Operational resilience refers to the ability of an organization or a system to continue its core services, maintaining acceptable levels of operations even in the face of adverse events, disruptions, or shocks.
Operational resilience takes a holistic approach to managing a wide range of risks and uncertainties, including those related to the organization’s technology, processes, people, and suppliers; as well as external events that impact upon the organization.
Operational resilience is especially important in sectors such as financial services, where failures could have broader systemic implications. However, the concept is relevant to any organization that must maintain operations in the face of challenges.
Key elements of operational resilience include:
- Identification of important business services: not all services that an organization offers are of equal importance. A critical first step is to identify which services are crucial to customers or the broader market.
- Development of impact tolerances: organizations need to assess the impacts of disruption and the thresholds beyond which an impact becomes ‘intolerable’.
- Scenario testing: this involves considering various probable disruption scenarios (termed plausible scenarios) and assessing how the organization would handle them. It’s not about trying to predict specific events but understanding the vulnerabilities and impact of different types of disruptions.
- Change management: as the business environment and the nature of threats evolve, the organization’s approach to operational resilience needs to adapt.
- Communication: keeping internal stakeholders informed and having a clear external communication plan for customers and regulators is crucial during disruptions.
- Recovery and response: organizations need to have clear plans on how to recover from disruptions and how to respond in the immediate aftermath.
- Learning and adapting: after any disruption, an organization should evaluate its response and look for lessons learned. This helps in refining the resilience strategies.
- Investing in technology and infrastructure: this might include redundancies, cloud storage, cyber resilience measures, and other technological solutions that can help maintain operations during disruptions.
Operational resilience involves a variety of strategies and practices, including but not limited to:
- Business continuity planning: establishing plans to maintain or quickly resume business operations in the case of outages or disruptions.
- Cyber resilience: protecting the organization against cyber threats and ensuring the confidentiality, integrity, and availability of critical data and systems.
- Supply chain resilience: ensuring that the organization’s supply chain can withstand and recover from disruptions, through measures such as diversifying suppliers and maintaining sufficient inventory levels.
- Financial resilience: maintaining strong financial health to absorb shocks, including through prudent management of liquidity, debt, and capital.
- Workforce resilience: developing strategies to ensure that the organization’s workforce can continue to function effectively in the face of disruptions, including through remote working arrangements and flexible work policies.
- Infrastructure resilience: ensuring that critical infrastructure, including facilities, equipment, and IT systems, can withstand disruptions and recover quickly from damages.

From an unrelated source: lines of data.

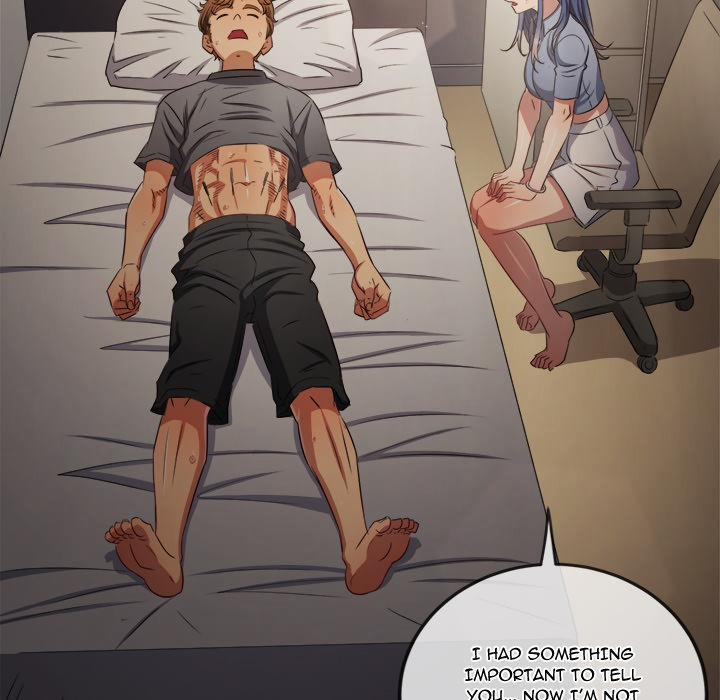 My High School Bully 254 trang 38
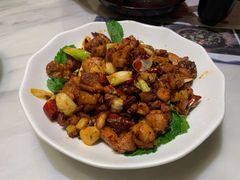 黄焖鸡-滇铺子(欣都龙城店)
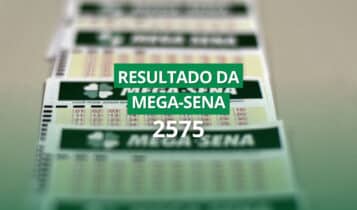 Resultado da Mega-Sena de sábado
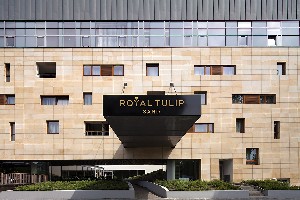 Hotel ROYAL TULIP SAND KOLOBRZEG wakacje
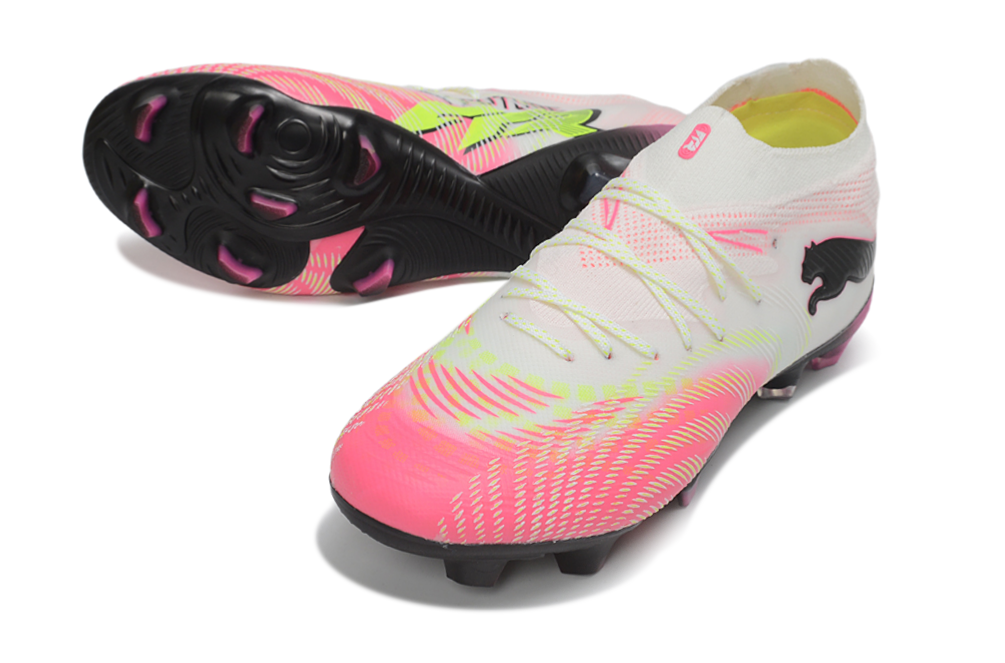 Puma Future 9 Ultimate Football Boots Firm Ground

- Crisis management and communication: establishing crisis management teams and communication plans to manage and respond effectively to emergencies, including through regular training and drills.
- Regulatory compliance: ensuring compliance with relevant laws and regulations, including those related to operational resilience, to avoid legal and reputational risks.
- Scenario analysis and stress testing: conducting scenario analyses and stress tests to understand potential vulnerabilities and to plan mitigative strategies accordingly.
- Monitoring and Reporting: Setting up mechanisms to continuously monitor the operational resilience framework and report on its effectiveness to stakeholders, including management, board of directors, and regulators.
By adopting an operational resilience framework, organizations can not only safeguard themselves against disruptions but also gain a competitive advantage by being able to recover more quickly than others when disruptions occur.
Operational resilience and business continuity
Operational resilience both goes beyond and requires business continuity. It is certainly possible to manage business continuity as a discipline in its own right, however it is more effective when this is incorporated into a wider operational resilience strategy. On the other hand, operational resilience cannot be managed without including business continuity, as the latter is an essential element of every operational resilience program.